Saat itu usia ku kurang lebih 5 tahun. Ayah meninggal karena sakit. Sedih rasanya, saat-saat ayah masih ada setiap malam minggu aku selalu di ajak ke pasar malam, apa yang aku mau selalu ayah berikan dengan syarat aku harus memberikan alasan manfaat dari barang yang aku inginkan.

Karena ayah selalu berpesan :

"Ale, setiap kamu ingin belanja ... kamu harus tau dulu kamu perlu atau tidak dengan barang itu. Kalau tidak diperlukan meskipun ingin dibeli, jangan dibeli. Karena itu hanya berlandaskan keinginan bukan kebutuhan dan hidup harus selalu mengutamakan kebutuhan, Sayang."

Setiap libur sekolah juga ayah selalu mengajak Aku jalan-jalan ke beberapa tempat terutama pantai. Itu sebabnya sampai sekarang aku suka sekali pantai karena saat aku kesana, aku merasa ayah hidup. Merindukan ayah membuatku selalu ingin ke pantai. Ayah itu orangnya kuat, tangguh dan sangat bertanggung jawab untuk keluarganya. Tidak heran bunda juga bisa sekuat ini karena suaminya juga tak kalah kuat nya untuk melawan kerasnya hidup. Sayang sekali, Ela tidak bisa merasakan apa yang aku rasakan dan lewati bersama ayah.

Maka dari itu, sebisa mungkin aku dan bunda akan selalu menggantikan sosok ayah untuk Ela. Meskipun tidak sesempurna sosok ayah meratukan aku di istana kecil kita dulu.

Kami tinggal di sebuah rumah kecil peninggalan alm. Ayah. Di samping rumah ada kios kecil juga, disana bunda membuka rumah makan kecil-kecilan karena kebetulan rumah kami tidak terlalu jauh dari sebuah kampus jadi banyak Mahasiswa yang mampir ke warung bunda.

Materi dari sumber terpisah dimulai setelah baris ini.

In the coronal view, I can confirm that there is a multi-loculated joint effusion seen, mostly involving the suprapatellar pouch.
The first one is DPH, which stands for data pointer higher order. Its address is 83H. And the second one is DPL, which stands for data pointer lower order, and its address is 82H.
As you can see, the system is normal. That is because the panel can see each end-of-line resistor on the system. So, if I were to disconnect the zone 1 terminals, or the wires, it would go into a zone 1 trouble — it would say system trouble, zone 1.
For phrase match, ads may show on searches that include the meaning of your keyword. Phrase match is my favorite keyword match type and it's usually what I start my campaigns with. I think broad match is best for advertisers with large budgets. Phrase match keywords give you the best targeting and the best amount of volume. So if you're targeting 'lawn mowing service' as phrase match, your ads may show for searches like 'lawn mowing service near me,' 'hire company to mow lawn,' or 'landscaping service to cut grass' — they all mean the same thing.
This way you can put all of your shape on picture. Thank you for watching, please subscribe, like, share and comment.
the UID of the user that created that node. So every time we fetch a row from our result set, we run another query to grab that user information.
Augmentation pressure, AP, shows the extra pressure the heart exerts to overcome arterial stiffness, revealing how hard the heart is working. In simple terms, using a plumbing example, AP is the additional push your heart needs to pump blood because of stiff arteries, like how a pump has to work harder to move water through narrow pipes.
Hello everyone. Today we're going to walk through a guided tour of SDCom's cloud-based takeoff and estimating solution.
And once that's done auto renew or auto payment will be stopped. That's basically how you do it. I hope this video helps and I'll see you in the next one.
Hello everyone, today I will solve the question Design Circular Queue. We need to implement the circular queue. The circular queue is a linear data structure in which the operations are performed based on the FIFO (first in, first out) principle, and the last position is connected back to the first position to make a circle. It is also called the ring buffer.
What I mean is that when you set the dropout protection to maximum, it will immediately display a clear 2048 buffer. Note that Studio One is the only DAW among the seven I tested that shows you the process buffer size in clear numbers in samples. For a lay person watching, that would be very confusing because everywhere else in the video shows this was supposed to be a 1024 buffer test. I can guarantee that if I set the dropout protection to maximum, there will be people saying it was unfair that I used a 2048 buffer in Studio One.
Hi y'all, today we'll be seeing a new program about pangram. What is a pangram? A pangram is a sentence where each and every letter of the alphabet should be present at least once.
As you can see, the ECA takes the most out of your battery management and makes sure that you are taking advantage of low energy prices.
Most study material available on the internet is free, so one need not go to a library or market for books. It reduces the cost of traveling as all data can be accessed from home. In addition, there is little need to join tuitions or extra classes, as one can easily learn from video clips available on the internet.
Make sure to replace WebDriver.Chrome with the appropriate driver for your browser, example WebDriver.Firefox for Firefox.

Aku ke sekolah juga membantu bunda berjualan, bunda menitipkan beberapa bungkus nasi di kantin sekolah. Jadi tiap pagi saat ingin ke sekolah aktivitasku pertama adalah membantu bunda memasukkan nasi bungkus ke dalam keresek besar lalu menaikannya kedalam keranjang sepedaku. Sepeda ini adalah sepeda yang aku beli 3 tahun silam dengan uang tabunganku. Setiap membantu bunda di warung, bunda selalu memberikan uang belanja dan selalu ku tabung.

Saat masuk SMP aku terpaksa membeli sepeda karena lumayan jauh juga dari rumah. Aku menghentikan sepedaku tepat di depan gerbang sekolah yang ber cat oren itu. Perempuan kecil itu turun dari sepeda lalu menyalami Ale.

"Cepet masuk gih."

"Iya Kak, Assalamualaikum."

"Waalaikumussalam, belajar yang rajin ya ... semangat adikku," kata Ale sambil mengelus kepala adik kecilnya yang kemudian dibalas anggukan serta senyum manis lalu dia berlari masuk ke dalam sekolah.

Setelah memastikan adiknya masuk sekolah, Ale segera lagi menjalankan sepedanya menuju ke sekolah.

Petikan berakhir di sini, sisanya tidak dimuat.